The Common Market remains and holds everything together. More than half of all exports from the Federal Republic go to the European Union. But aside from that? Since reunification Germany has become more self-confident. The Eastern Bloc has burst. Brussels needs and wants to cut back on farming subsidies. Speaking of Brussels: Whoever acquires more power gains more enemies. And whoever exercises that power independently gains even more enemies.

Daring more democracy, that remains one of the main tasks of the EU after its decision to introduce the Euro: The last European venture that makes sense to almost all Germans. Everything else on the horizon in Europe promises only indirect, long-term, and (initially) rather abstract benefits to German citizens.
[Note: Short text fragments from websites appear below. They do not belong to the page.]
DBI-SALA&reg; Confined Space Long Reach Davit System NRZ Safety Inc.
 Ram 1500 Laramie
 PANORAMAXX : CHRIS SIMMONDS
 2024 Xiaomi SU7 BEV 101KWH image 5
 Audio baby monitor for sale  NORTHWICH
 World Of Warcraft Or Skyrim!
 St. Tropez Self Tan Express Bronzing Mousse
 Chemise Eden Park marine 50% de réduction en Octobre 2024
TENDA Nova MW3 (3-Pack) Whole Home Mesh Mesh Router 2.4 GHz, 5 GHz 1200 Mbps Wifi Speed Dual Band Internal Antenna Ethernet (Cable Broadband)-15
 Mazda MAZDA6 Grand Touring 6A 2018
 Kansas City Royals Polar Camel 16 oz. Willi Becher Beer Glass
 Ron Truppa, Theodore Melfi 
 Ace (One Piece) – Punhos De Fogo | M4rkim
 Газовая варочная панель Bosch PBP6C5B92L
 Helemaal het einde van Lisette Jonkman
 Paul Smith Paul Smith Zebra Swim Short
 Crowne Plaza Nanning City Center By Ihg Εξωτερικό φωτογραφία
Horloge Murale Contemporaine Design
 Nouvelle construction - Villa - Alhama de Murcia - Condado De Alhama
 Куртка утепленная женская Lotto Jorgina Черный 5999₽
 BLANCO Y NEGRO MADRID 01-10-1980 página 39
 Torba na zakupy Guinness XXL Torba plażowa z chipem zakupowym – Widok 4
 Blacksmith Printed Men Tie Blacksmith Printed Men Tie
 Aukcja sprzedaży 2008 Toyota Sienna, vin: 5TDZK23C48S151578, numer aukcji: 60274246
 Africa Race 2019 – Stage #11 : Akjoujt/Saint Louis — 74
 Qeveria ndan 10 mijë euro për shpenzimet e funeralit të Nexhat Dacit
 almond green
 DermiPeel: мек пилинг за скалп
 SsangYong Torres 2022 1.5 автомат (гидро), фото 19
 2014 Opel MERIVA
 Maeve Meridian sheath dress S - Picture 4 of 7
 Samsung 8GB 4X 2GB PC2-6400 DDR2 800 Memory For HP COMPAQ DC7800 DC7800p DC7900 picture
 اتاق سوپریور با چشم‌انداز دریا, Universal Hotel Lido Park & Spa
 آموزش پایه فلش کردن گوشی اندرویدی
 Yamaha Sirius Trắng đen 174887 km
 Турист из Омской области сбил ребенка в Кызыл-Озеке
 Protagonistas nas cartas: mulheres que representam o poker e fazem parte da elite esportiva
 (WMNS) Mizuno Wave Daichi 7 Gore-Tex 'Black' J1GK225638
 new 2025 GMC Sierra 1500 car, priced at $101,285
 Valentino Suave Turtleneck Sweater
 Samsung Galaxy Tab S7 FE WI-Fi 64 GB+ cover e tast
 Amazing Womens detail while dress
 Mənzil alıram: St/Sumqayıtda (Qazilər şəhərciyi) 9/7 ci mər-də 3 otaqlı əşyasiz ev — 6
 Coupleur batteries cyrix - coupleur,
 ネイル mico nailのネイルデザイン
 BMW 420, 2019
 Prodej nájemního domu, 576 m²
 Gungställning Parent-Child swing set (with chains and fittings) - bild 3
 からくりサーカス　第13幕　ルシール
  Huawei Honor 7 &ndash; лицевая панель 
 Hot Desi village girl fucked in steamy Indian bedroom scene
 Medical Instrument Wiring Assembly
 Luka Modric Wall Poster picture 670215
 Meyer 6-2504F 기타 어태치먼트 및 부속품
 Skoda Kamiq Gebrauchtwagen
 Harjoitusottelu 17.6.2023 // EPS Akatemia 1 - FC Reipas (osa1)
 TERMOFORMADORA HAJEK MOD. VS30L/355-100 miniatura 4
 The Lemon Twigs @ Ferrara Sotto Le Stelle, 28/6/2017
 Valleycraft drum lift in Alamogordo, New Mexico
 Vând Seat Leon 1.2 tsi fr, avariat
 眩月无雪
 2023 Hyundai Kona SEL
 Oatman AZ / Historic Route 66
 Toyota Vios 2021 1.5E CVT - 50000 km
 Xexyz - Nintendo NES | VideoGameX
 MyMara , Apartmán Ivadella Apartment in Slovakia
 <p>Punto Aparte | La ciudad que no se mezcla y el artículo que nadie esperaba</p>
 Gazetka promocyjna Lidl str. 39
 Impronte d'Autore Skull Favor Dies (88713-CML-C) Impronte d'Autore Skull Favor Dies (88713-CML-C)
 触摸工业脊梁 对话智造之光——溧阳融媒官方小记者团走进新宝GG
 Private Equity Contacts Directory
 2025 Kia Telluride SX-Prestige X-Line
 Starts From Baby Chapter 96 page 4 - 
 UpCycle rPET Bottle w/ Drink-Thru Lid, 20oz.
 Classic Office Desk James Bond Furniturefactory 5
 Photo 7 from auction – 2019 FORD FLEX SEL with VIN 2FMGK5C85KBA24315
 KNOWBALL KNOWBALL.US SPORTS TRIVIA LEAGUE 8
Of course, it is in the interest of the Federal Republic for the EU to expand eastward and help create stability there. But that will cost money, for example, the money from Brussels that farmers and many other subsidy recipients feel entitled to.

The EU member states have to do a better job coordinating their foreign policies, no question about it. Citizens are ashamed (somewhat) when Europe sits by and watches as the Serb Slobodan Milosevic goes on another rampage. But it is so comfortable to let the Americans go first. How nice that the British and French militaries are also standing ready and German soldiers bring up the rear.

Organized crime is definitely a danger, and Europeans need to act in concert. But isn’t that a step toward forming a super-state? And why are the border controls being eliminated?

To be sure, the Europe of the single market and the Euro didn’t trouble itself much with social matters. But what tangible benefits derive from the oft-invoked social union, considering that German workers are still in a better position than most Europeans. Will Germany again have to pay in the end?

These are questions the people are asking. The EU is successful, but the mood is nevertheless bad – and not only among Germans. The idea of European integration struggles to assert itself amidst the Zeitgeist and its three manifestations of “every man for himself”: “Location competition”* prevails among the states and regions; neoliberals announce the virtue of egoism under their big banner; and glaring nationalism reemerges under the pressure of the new Right.

And here comes the Euro. It ties EU members even more tightly together, although they exhibit less solidarity than before. It demands discipline even from those countries – especially Germany and France – that have shied away from major reforms up to now and have a rocky road ahead of them. It obligates governments, some of which are fickle: It was precisely the half-hearted reformers who reaped the greatest protest, and in several European states the party landscape is changing from the ground up, and this makes politics less predictable.

*Standortwettbewerb. The term refers to efforts to attract businesses to invest in particular locations – eds.